Menurut saya keempat faktor ini perlu dilihat secara lebih kritis. Faktor luck, very talented, dan growing business sector sebagian besar berada di luar kendali individu. Jika terlalu ditekankan, ada risiko pembaca merasa bahwa sukses lebih ditentukan oleh keadaan daripada proses dan tanggung jawab personal.
Soal keberuntungan, saya cenderung melihatnya bukan sebagai sebab utama, melainkan sebagai akselerator.

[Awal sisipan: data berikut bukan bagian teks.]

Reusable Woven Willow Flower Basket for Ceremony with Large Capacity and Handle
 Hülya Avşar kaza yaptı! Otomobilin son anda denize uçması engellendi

Banyak orang “beruntung” tetapi tidak ke mana-mana karena tidak siap. Sebaliknya, kesiapan, konsistensi, dan ketekunan sering kali justru menciptakan peluang yang tampak seperti keberuntungan.
Terkait very talented, contoh-contoh ekstrem seperti Mozart atau Tiger Woods memang inspiratif, tetapi kurang representatif bagi kebanyakan orang. Jika narasi bakat bawaan terlalu dominan, ini bisa melemahkan semangat belajar. Dalam praktiknya, keunggulan sering kali dibangun lewat latihan terarah dan disiplin jangka panjang, bukan semata bakat alami.
Mengenai sektor bisnis yang berkembang, mengikuti tren tanpa pemahaman mendalam justru berisiko. Banyak orang masuk ke sektor yang sedang naik, tetapi gagal bertahan karena hanya menjadi pengikut. Mungkin yang lebih penting bukan “sektor apa”, melainkan nilai apa yang bisa kita ciptakan di sektor tersebut.
Konsep a little bit mad juga menarik, namun perlu batas yang jelas. Berpikir berbeda tidak otomatis berarti benar. Tanpa kerangka evaluasi yang rasional, keberanian bisa berubah menjadi spekulasi yang mahal.
Menurut saya, keempat faktor ini akan lebih kuat jika dilengkapi dengan satu hal mendasar: kemampuan belajar, beradaptasi, dan merefleksikan kegagalan. Tanpa itu, bahkan keberuntungan, bakat, dan momentum sekalipun sulit diubah menjadi kesuksesan yang berkelanjutan.